Cool link, RobA.  :Laughing:

----------


## RPMiller

That's crazy! Is that a natural occurring formation?

----------


## RobA

> That's crazy! Is that a natural occurring formation?


Yep-

Here is a bit more on it at CBC Radio:
http://www.cbc.ca/asithappens/featur..._20061026.html

It includes a 1951 aerial photo (no road or well at that time) and a 3d model.  I do stand corrected though, as it is a valley, not a mountain  :Smile: 

-Rob A>

----------


## RobA

Sorry for the crosspost.  

I made a video tutorial (as they are all the rage) of this thread as it was recently resurrected. It creeped to almost 12 minutes (I tend to babble).

I recorded the screen in 1024x768 and scaled the video to 640x480 off line.

It is currently hosted at showmedo at 640x480 (though I think will host up to 800x600:
http://showmedo.com/videos/video?nam...omSeriesID=262

-Rob A>

----------


## Robber Baron

Excellent tutorial!
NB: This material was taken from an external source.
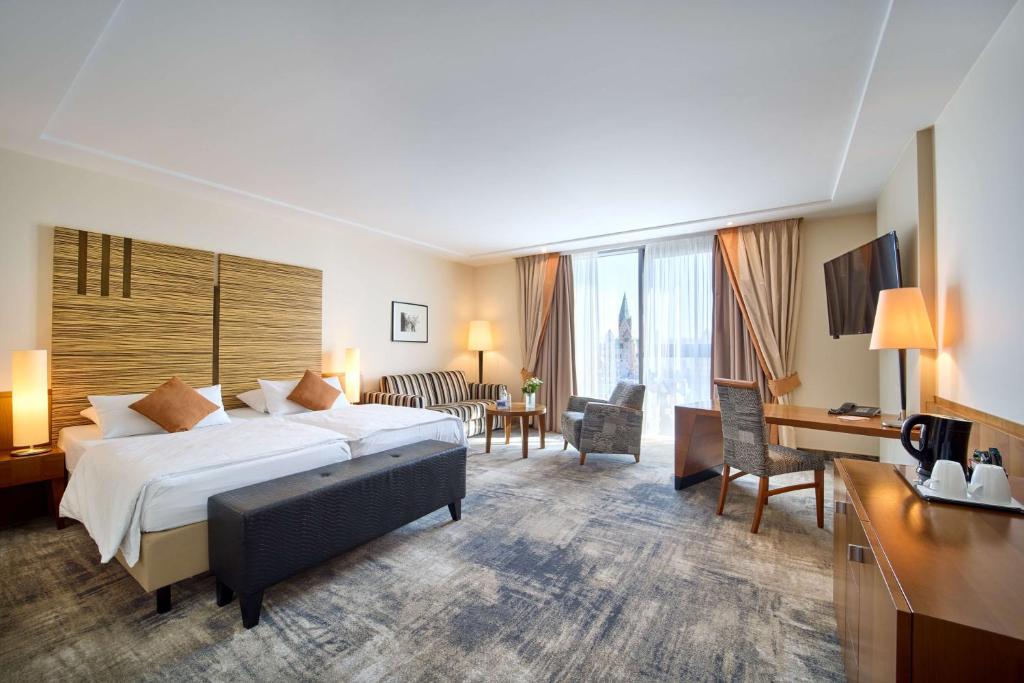 Postel nebo postele na pokoji v ubytování Best Western Plus Arosa Hotel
Thanks!

----------


## Normski

Sorry, but I voted no - not because I couldn't find it of use, but becasue there were no explanations to the steps. It'd be good if you knew what was going on, but to a GIMP noob - sorry I couldn't follow it all,

Take Care,

Norm



Rob,

Three things Amigo,

Firstly  - it's good to another Cardinal Fang Devotee  :Very Happy: 

Secondly - Excellent tutorial, simple and easy to follow, I will be using this in future

Finally - This process, and all the others I have seem seem to produce a mountain range with the peaks in the middle, which is good enough. But what about escarpment ranges - where for example one tectonic plate, or similar, subducts another, raising the top plate gradually on one side with a steep fall-off on the other where the subdudtion occurs. The prime examples I can think of for this are the Rockies and Andes.
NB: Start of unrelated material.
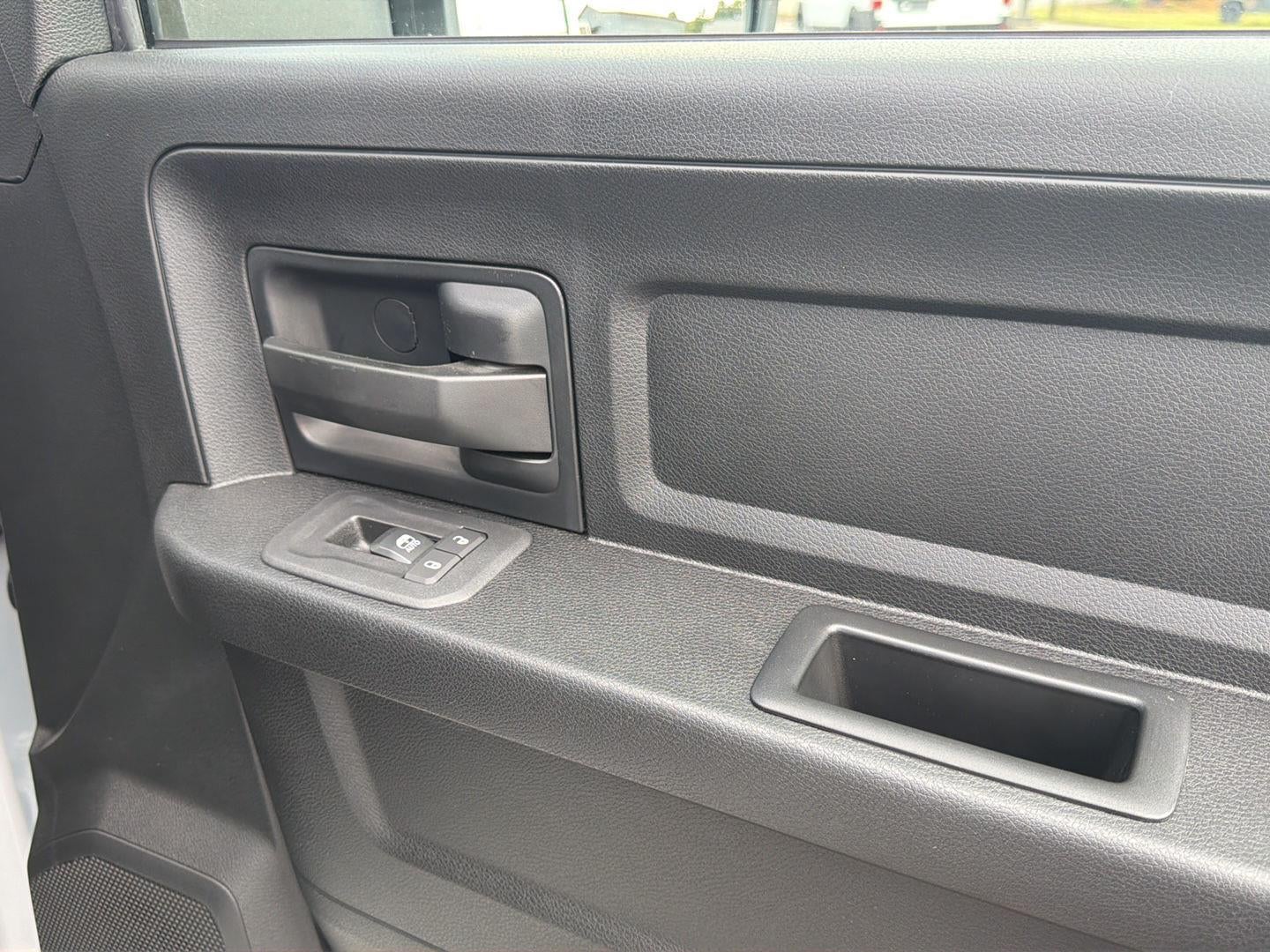 2027 RAM 3500 RAM 3500 TRADESMAN CREW CAB 4X4 8' BOX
Basically - what I'm asking is how can we reproduce a non central range of peaks within a range? I'm not explaining this too well am I  :Frown: 

Take Care

Norm

----------


## RobA

Normski-

That type of range is even simpler.  Just add some noise to a simple linear gradient, then play with the levels and curves.

Here is a simple escarpment heightfield on an oval:


And here is a quick render in POV:


From above (gimp alone):


-Rob A>

----------


## Karro

> I saw this post by Jurgen (at EN World) on making mountains in GIMP and figured I share a technique I worked out.
> 
> Hope the images all end up in the right order...





> cont...





> cont...





> cont...





> Here it is using Jurgen's grass and desert textures as backgrounds.
> 
> That's it... Hope it was helpful!
> 
> -Rob A>


I like the effect, better than that on the regional map tutorial you give.  However, this is not as well explained, and I haven't had the opportunity to view the video as yet.  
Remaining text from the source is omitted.